Una giovane cubana ha commosso migliaia di persone questo martedì nel mantenere una promessa alla Vergine della Carità del Cobre, percorrendo in ginocchio tutto il corridoio della chiesa di El Cobre, a Santiago di Cuba, vestita di giallo e con un mazzo di girasoli in mano.
Il video, pubblicato su TikTok lo stesso 8 settembre —festività liturgica della patrona di Cuba—, mostra la giovane avanzare lentamente lungo il corridoio del tempio fino a raggiungere l'altare, dove si erge in piedi per salutare l'immagine sacra.

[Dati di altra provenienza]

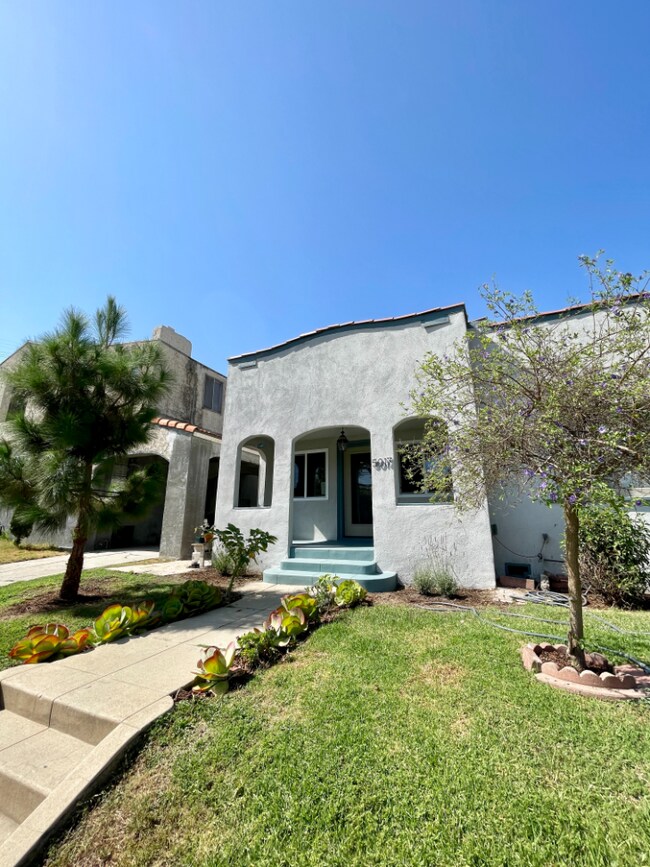 Building Photo - 5017 Edgewood Pl
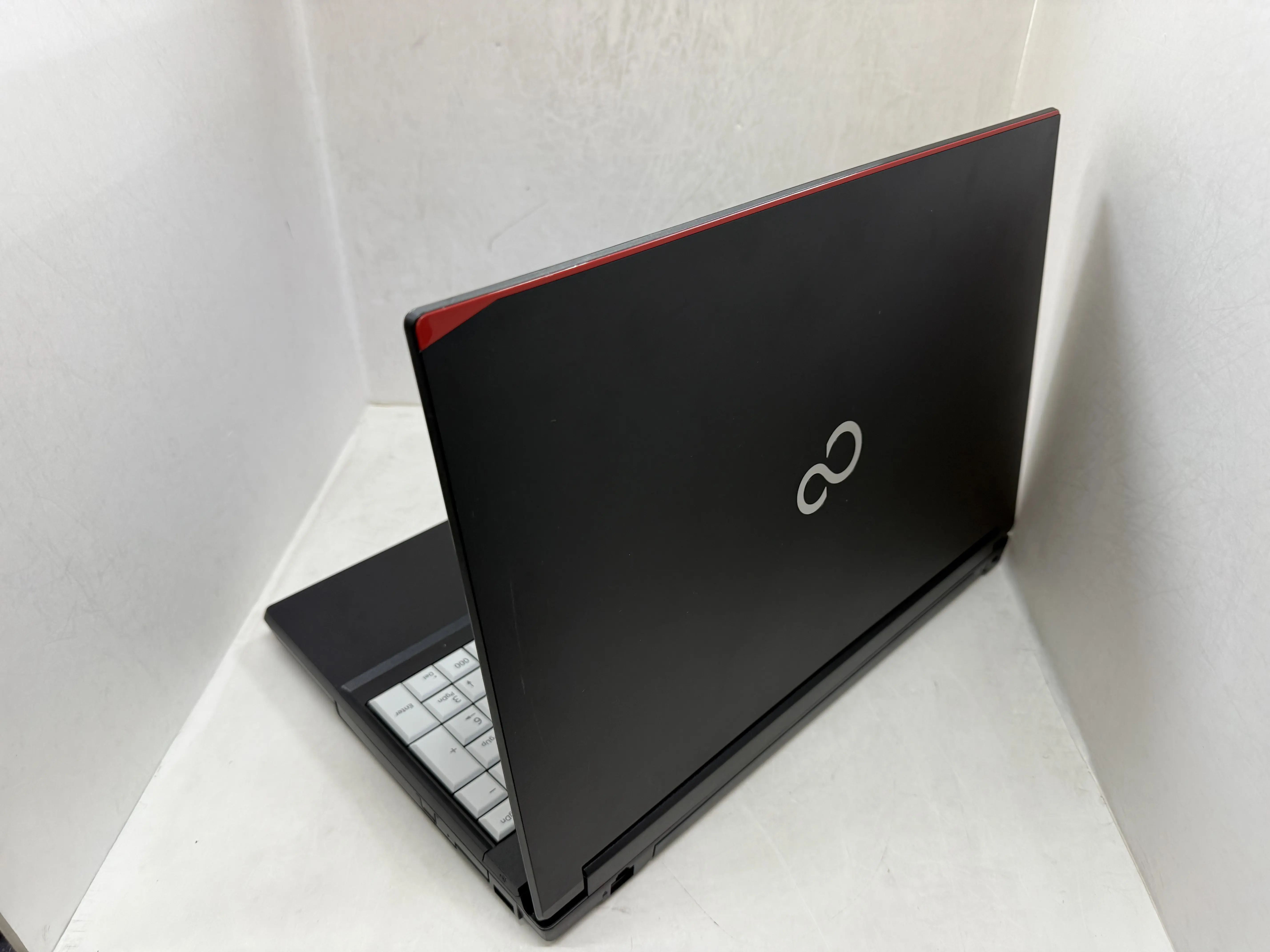 富士通 Lifebook A748/S i5-7300U 8GB SSD256G LIFEBOOK A748/S(CPU： Core i5 8350U 1.9GHz/メモリ：8GB/SSD：256GB)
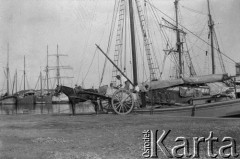 08.1936, prawdopodobnie Konstanca, Rumunia.
Statki w porcie, wóz na nabrzeżu.
Fot. NN, kolekcja Witolda Lis-Olszewskiego, zbiory Ośrodka KARTA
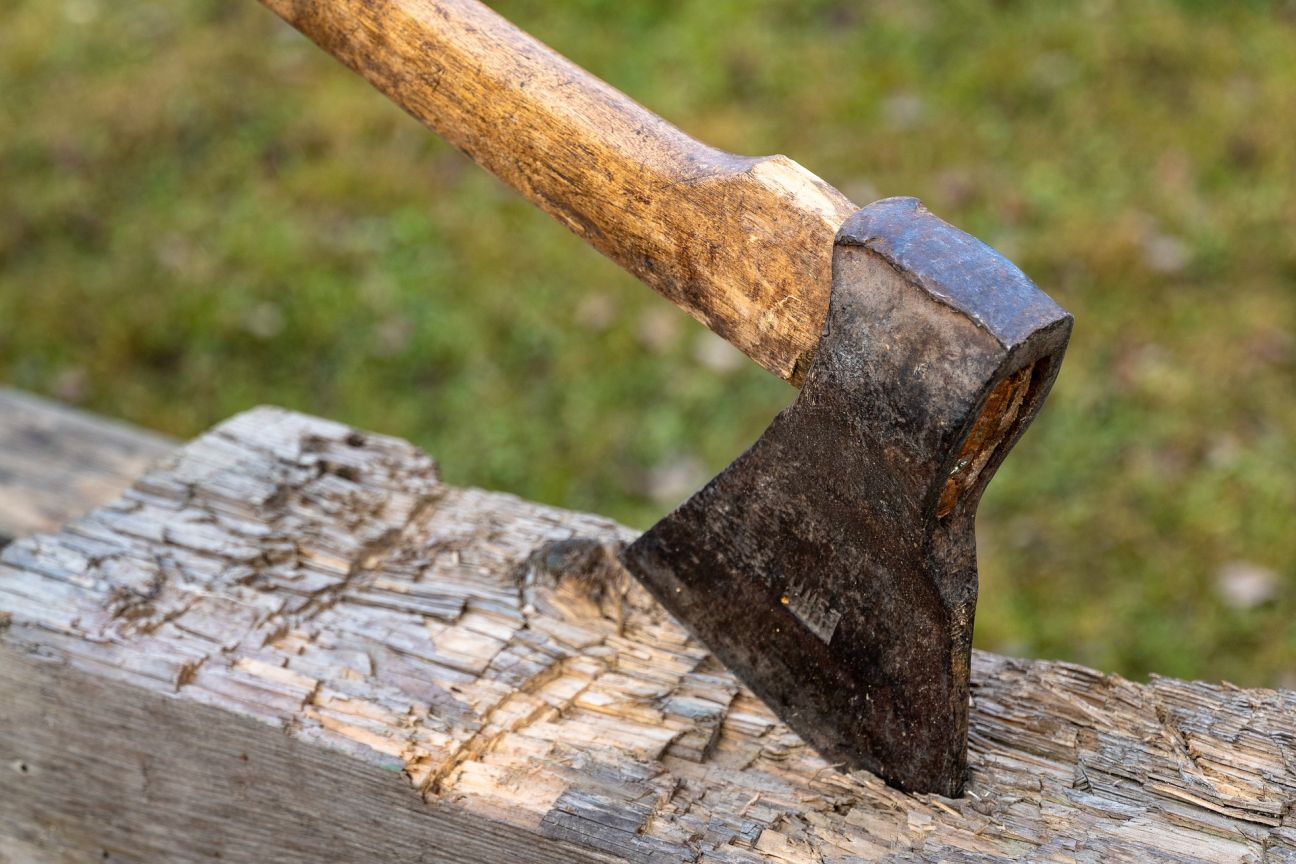 Koknesē vīrietis ar cirvi ievaino “pudeles brāli”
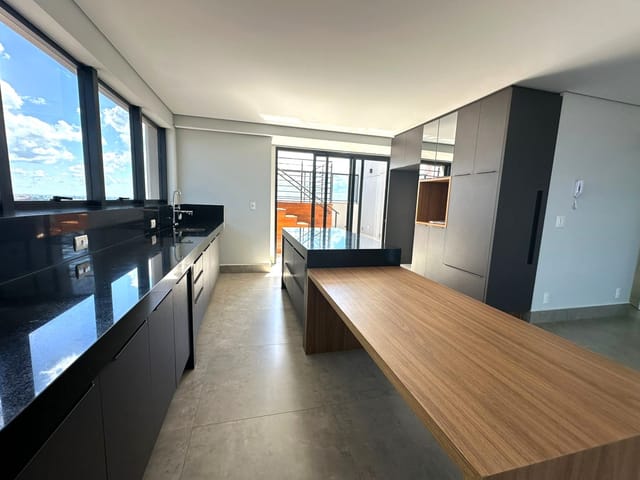 Cobertura / Penthouse com 242m² 3 quartos e 4 banheiros, à venda, no bairro Centro em Franca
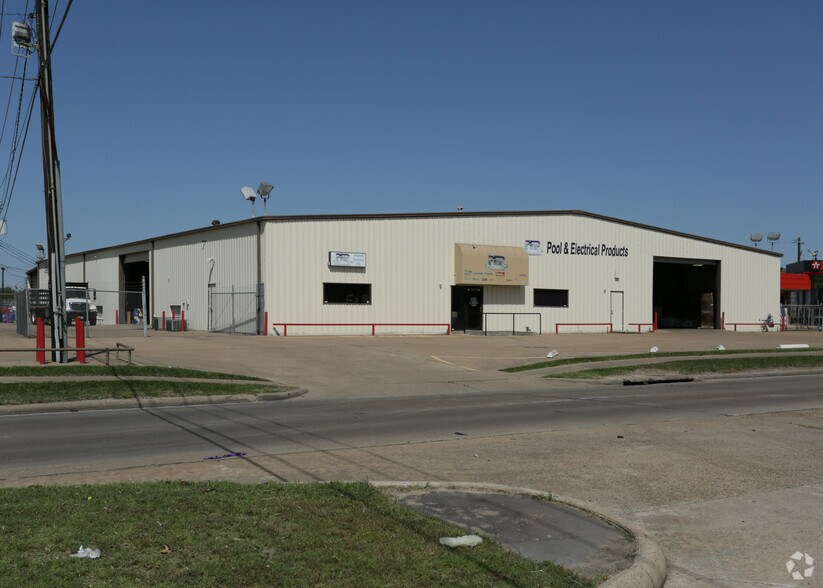 More Photos Of 10610 Wilcrest Dr, Houston Warehouse For Sale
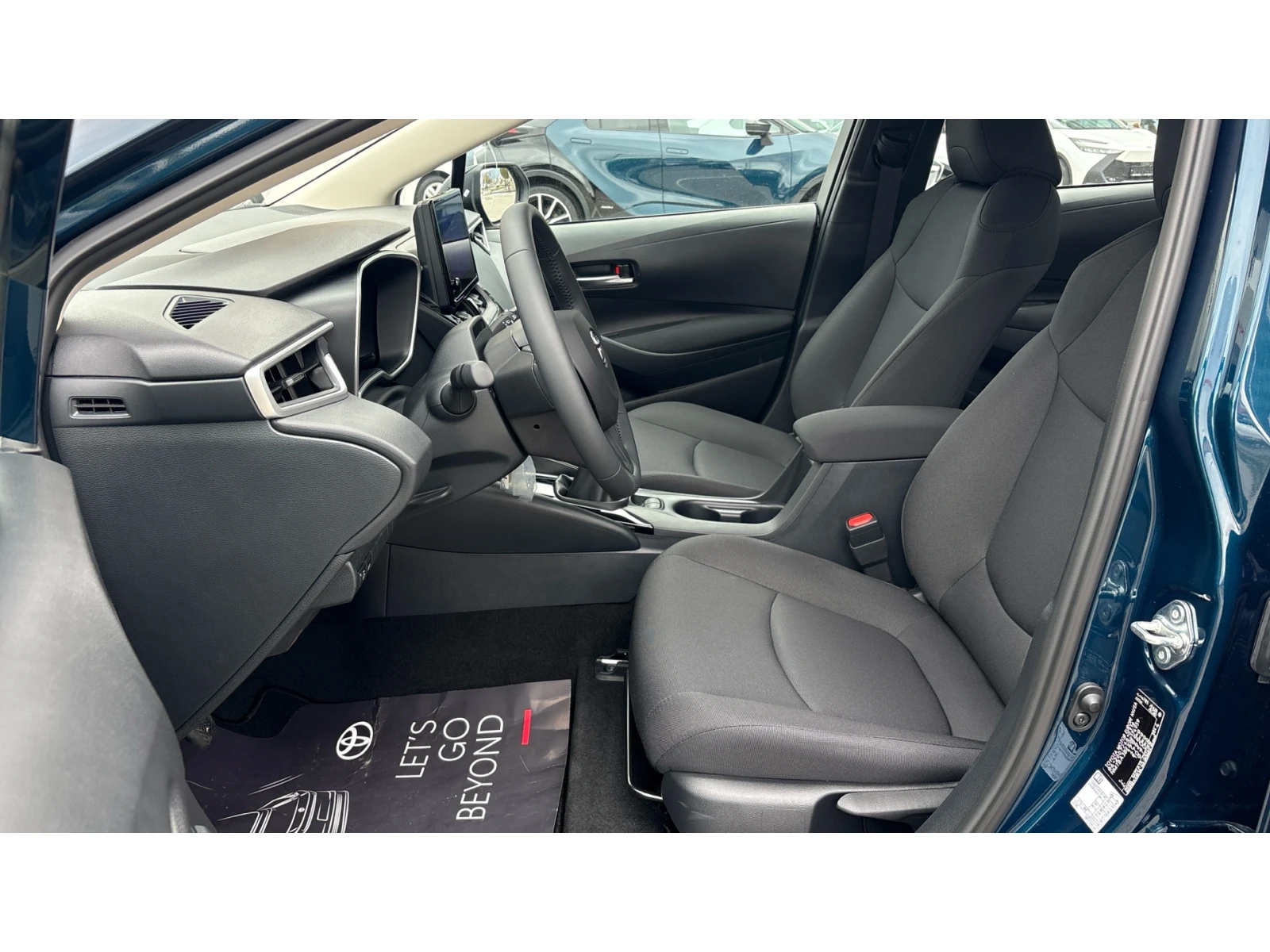 Toyota Corolla SEDAN 1.5 6MT 123�.�, ������� ������ �� 108   | Mobile.bg � ����������� 6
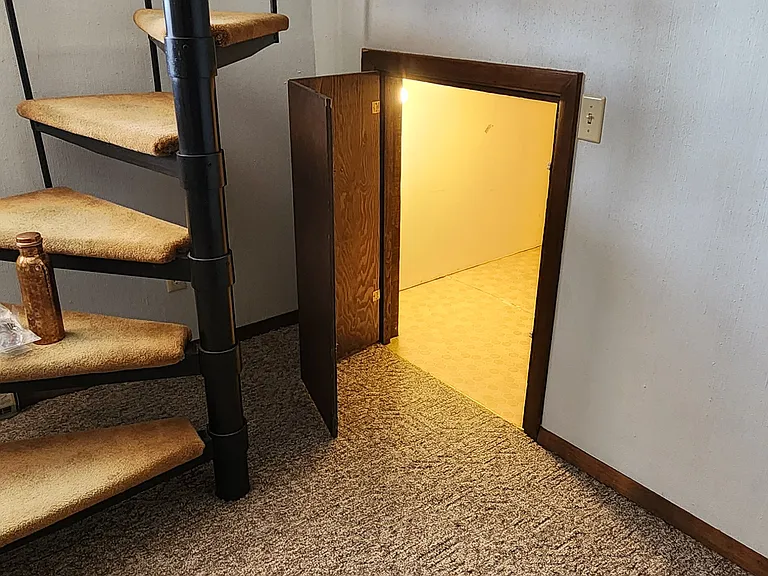 Extra cubby area for storage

Il gesto riassume una delle espressioni più radicate della religiosità popolare cubana: «pagar una promesa» implica adempiere fisicamente a un voto fatto alla Vergine nei momenti di angoscia, malattia o gratitudine per un favore ricevuto.
Il giallo e i girasoli non sono una scelta casuale. Entrambi sono i colori e i fiori più associati alla Virgen de la Caridad del Cobre nella tradizione cubana, sia nel cattolicesimo che nel sincretismo afrocubano, dove la Vergine viene identificata con Oshún, orisha yoruba dell'amore e della fertilità, il cui colore sacro è proprio il giallo dorato.
La festività dell'8 settembre coincide con la Natività della Vergine Maria ed è considerata la maggiore celebrazione religiosa dell'isola. Il Santuario Nazionale del Cobre si è preparato con un programma speciale che includeva una messa a mezzanotte, un'altra alle 9:30 del mattino, una messa parrocchiale alle otto di sera e una processione a Santiago di Cuba.
Questo tipo di immagini genera una risposta emotiva intensa nella comunità cubana dentro e fuori dall'isola. Video simili di cubane che adempiono promesse in ginocchio nel santuario del Cobre sono frequentemente diventati virali sui social media attorno all'8 settembre.
Nel luglio del 2025, un'altra cubana ha descritto la sua esperienza con una frase che è rimasta impressa tra coloro che l'hanno vista: «Mi hanno rasato le ginocchia», raccontando come ha mantenuto la sua promessa nello stesso santuario.
La Virgen de la Caridad del Cobre è stata proclamata patrona di Cuba nel 1916 da papa Benedetto XV. La sua immagine è venerata nella Basilica Santuario Nazionale di El Cobre e ogni anno attira pellegrini da tutta l'isola, così come cubani in esilio che mantengono viva la devozione da lontano.
La fede, in ogni caso, continua a essere uno dei pochi spazi in cui i cubani esprimono liberamente ciò che sentono, e il santuario di El Cobre è uno dei pochi luoghi in cui tale espressione si trasforma in immagine collettiva.